*** Opening of STORED DATA ***
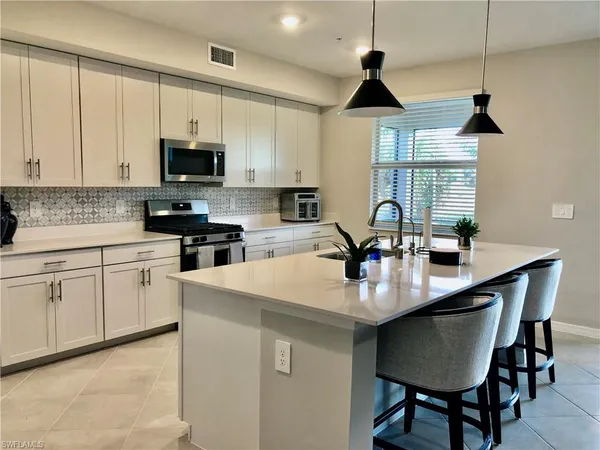 a kitchen with appliances a sink a counter and chairs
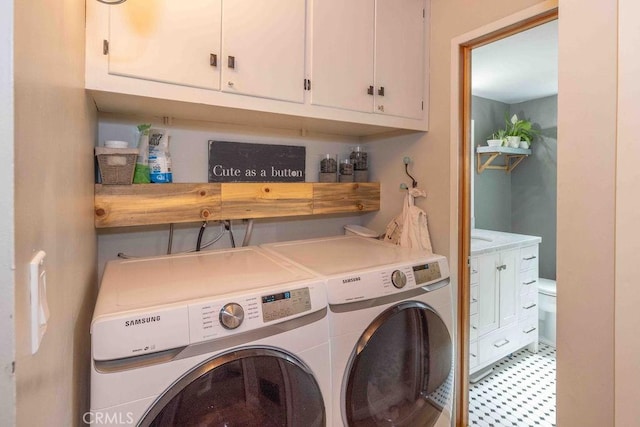 945 Tinker Bell Ave, Big Bear City, CA 92314 - laundry room featuring washer and dryer, cabinet space, and light flooring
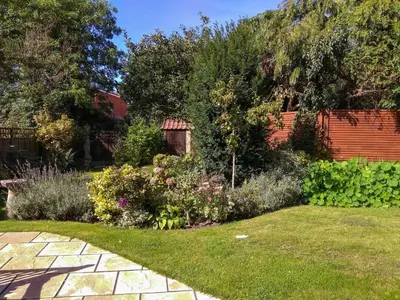 a garden with flowers and a brick fence at Jasmine Cottage, Kelsale, sleeps 5 - Aldeburgh Coastal Cottages in Kelsale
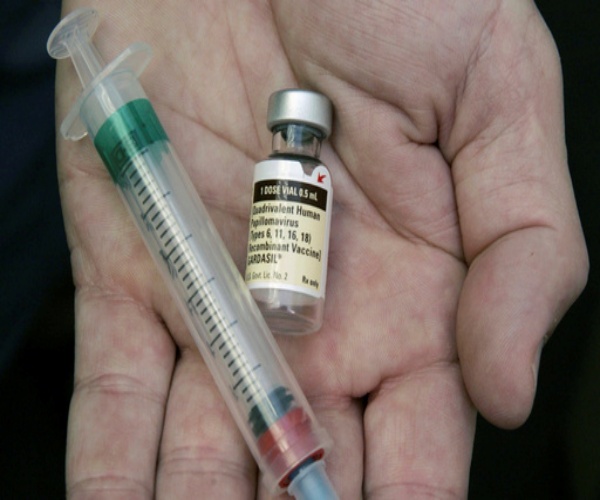 Hand holding vial of HPV vaccine and a syringe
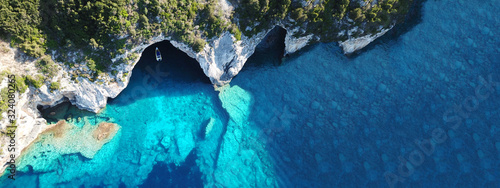 Aerial drone ultra wide photo of tropical Caribbean bay with white sand beach and beautiful turquoise and sapphire clear sea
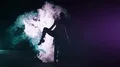 The woman standing in twine on a smoke cloud background. slow motion 4k or 4k+ Resolution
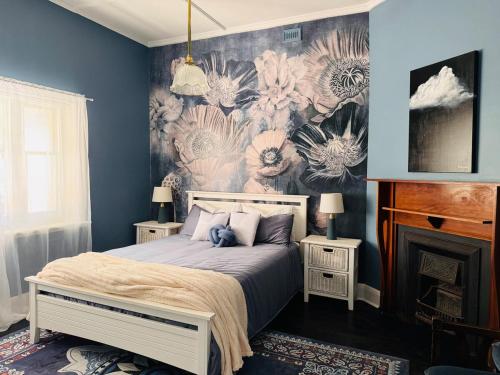 a bedroom with a bed with a floral wallpaper at Forrest House Victor Harbor in Victor Harbor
*** Close of STORED DATA ***
- WORK INSTRUCTIONS
Each entry must be retyped word for word, with every image omitted.

- YOUR SOLUTION
 a kitchen with appliances a sink a counter and chairs
 945 Tinker Bell Ave, Big Bear City, CA 92314 - laundry room featuring washer and dryer, cabinet space, and light flooring
 a garden with flowers and a brick fence at Jasmine Cottage, Kelsale, sleeps 5 - Aldeburgh Coastal Cottages in Kelsale
 Hand holding vial of HPV vaccine and a syringe
 Aerial drone ultra wide photo of tropical Caribbean bay with white sand beach and beautiful turquoise and sapphire clear sea
 The woman standing in twine on a smoke cloud background. slow motion 4k or 4k+ Resolution
 a bedroom with a bed with a floral wallpaper at Forrest House Victor Harbor in Victor Harbor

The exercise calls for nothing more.